===== Excerpted records =====

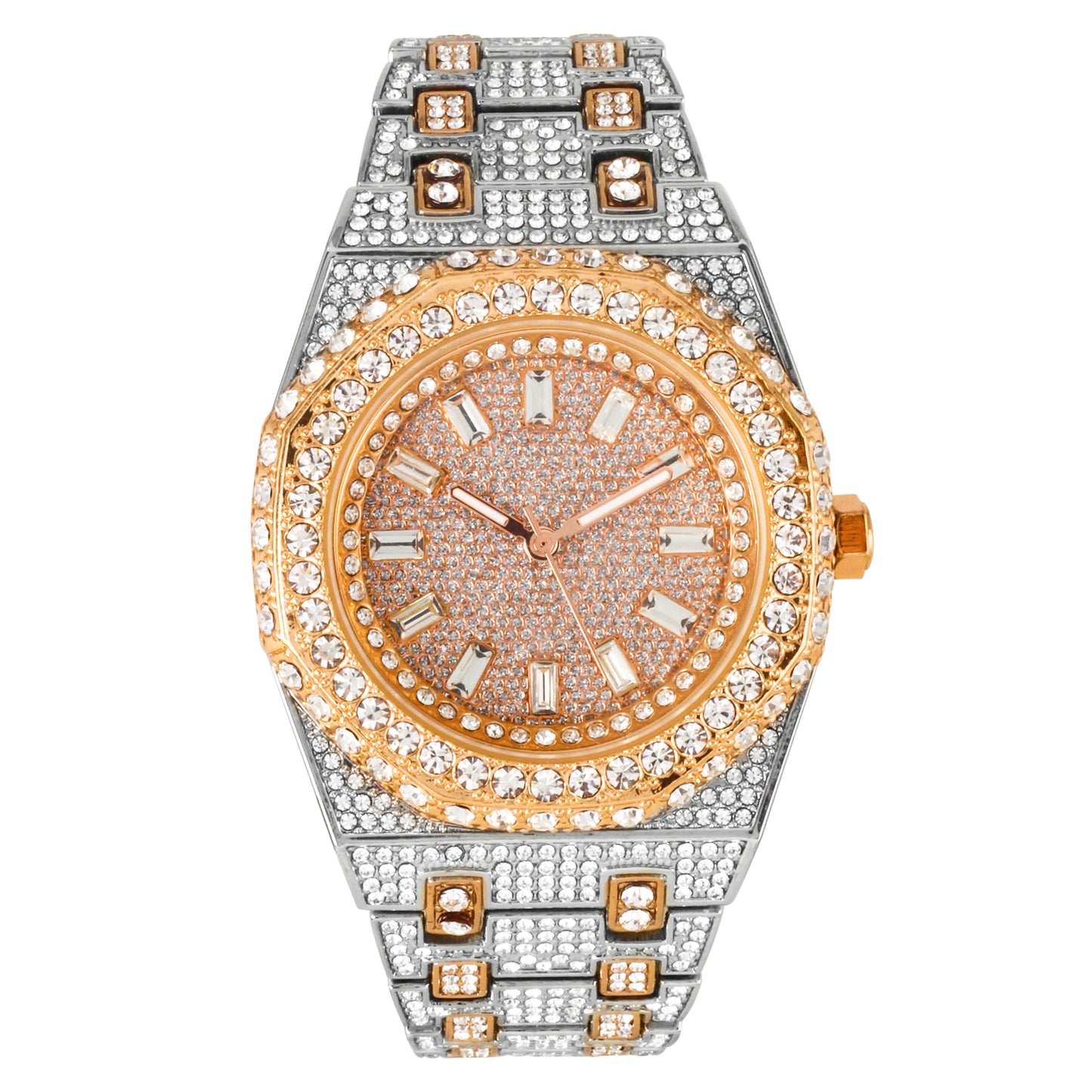Urban Iced-Out Full Stone 43mm Metal Band Watch - 9691B-MB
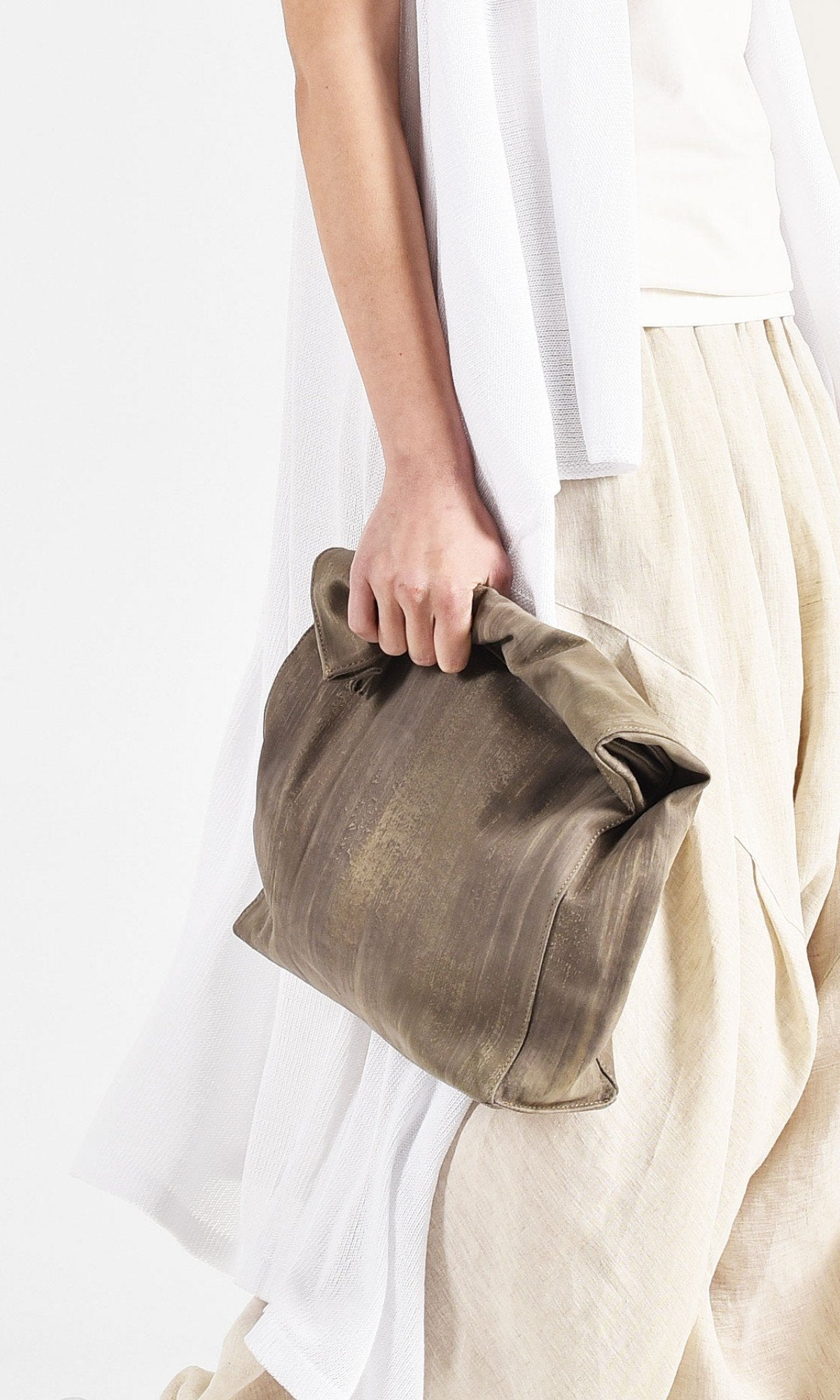 Genuine Leather Foldover Clutch - AAKASHA
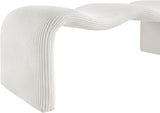 Willow Corduroy Fabric Bench in Cream from Meridian - Luna Furniture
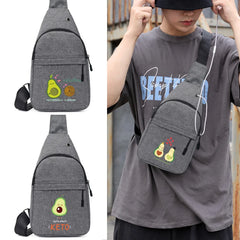 Avocado Print Small Backpack Chest pack Earphone Hole Girls Crossbody Bag
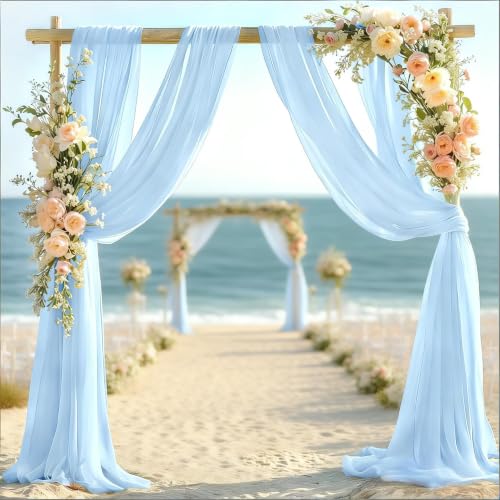 Image of Light Blue Wedding Glitter Arch Draping Fabric 29 inch x 6.5 Yards 2 Panels Sheer Backdrop Curtains Drapery for Summer Wedding Ceremony Birthday Party Indoor Ceiling Decor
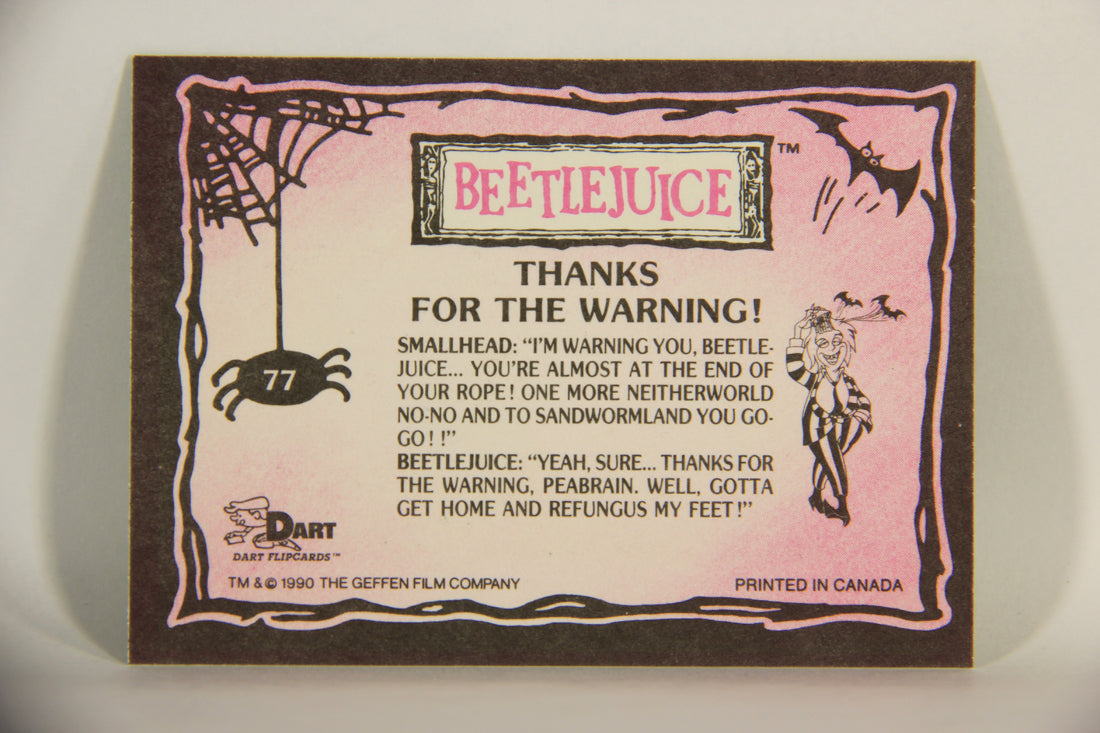 Beetlejuice 1990 Trading Card #77 Thanks For The Warning ENG L012184
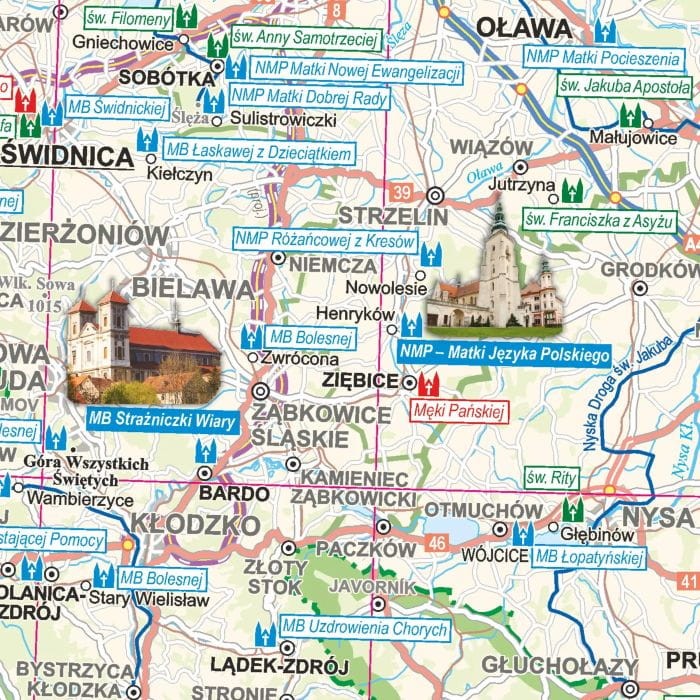 Polska 1:600 000. Mapa sanktuariów w ramie drewnianej wydawnictwa ArtGlob. Fragment 3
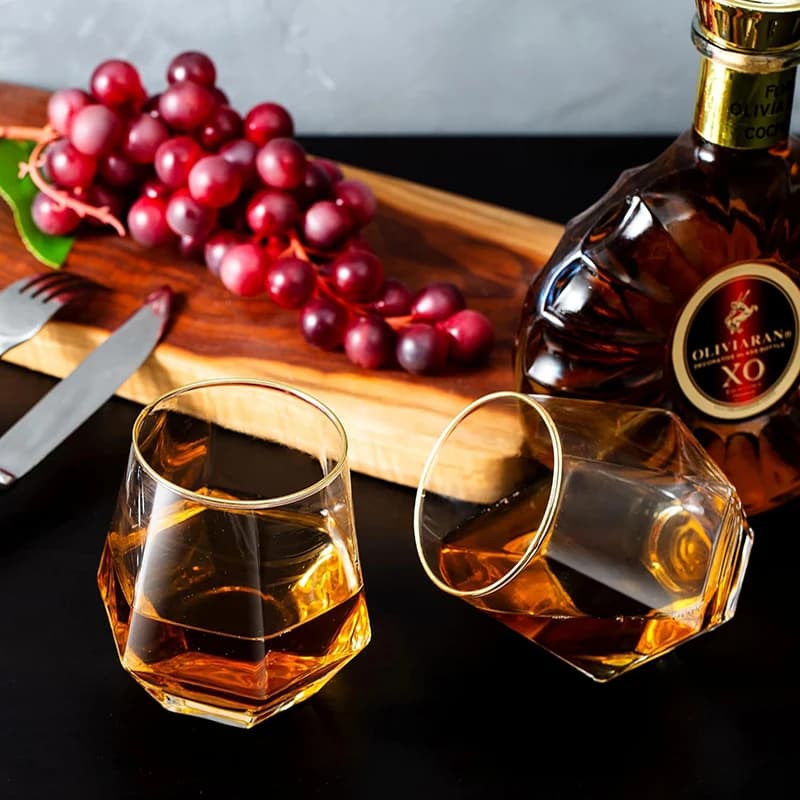 Bicchieri da whisky con diamanti, bicchiere da vino senza stelo, Design inclinabile geometrico, bicchiere da Cocktail rotante, bevanda al succo, boccale di birra, 300ml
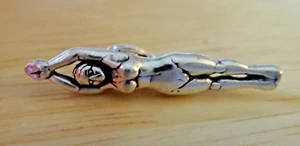 Dije de natación nadadora para niña de plata esterlina 3D 7x26 mm - Imagen 1 de 12
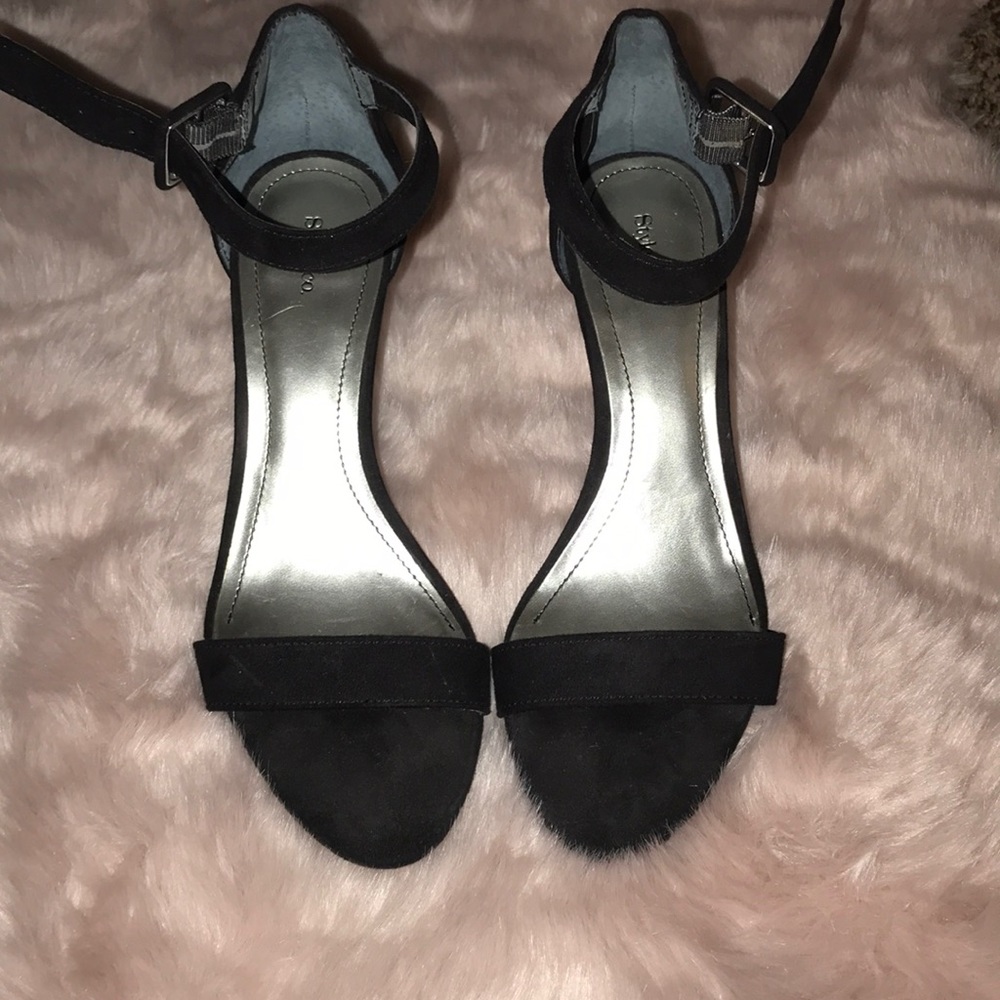 Black sweude shorter open toed heels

=====

#### [What is required]
The entries above need an exact copy without their pictures.

#### [Answer to this task]
Urban Iced-Out Full Stone 43mm Metal Band Watch - 9691B-MB
 Genuine Leather Foldover Clutch - AAKASHA
 Willow Corduroy Fabric Bench in Cream from Meridian - Luna Furniture
 Avocado Print Small Backpack Chest pack Earphone Hole Girls Crossbody Bag
 Image of Light Blue Wedding Glitter Arch Draping Fabric 29 inch x 6.5 Yards 2 Panels Sheer Backdrop Curtains Drapery for Summer Wedding Ceremony Birthday Party Indoor Ceiling Decor
 Beetlejuice 1990 Trading Card #77 Thanks For The Warning ENG L012184
 Polska 1:600 000. Mapa sanktuariów w ramie drewnianej wydawnictwa ArtGlob. Fragment 3
 Bicchieri da whisky con diamanti, bicchiere da vino senza stelo, Design inclinabile geometrico, bicchiere da Cocktail rotante, bevanda al succo, boccale di birra, 300ml
 Dije de natación nadadora para niña de plata esterlina 3D 7x26 mm - Imagen 1 de 12
 Black sweude shorter open toed heels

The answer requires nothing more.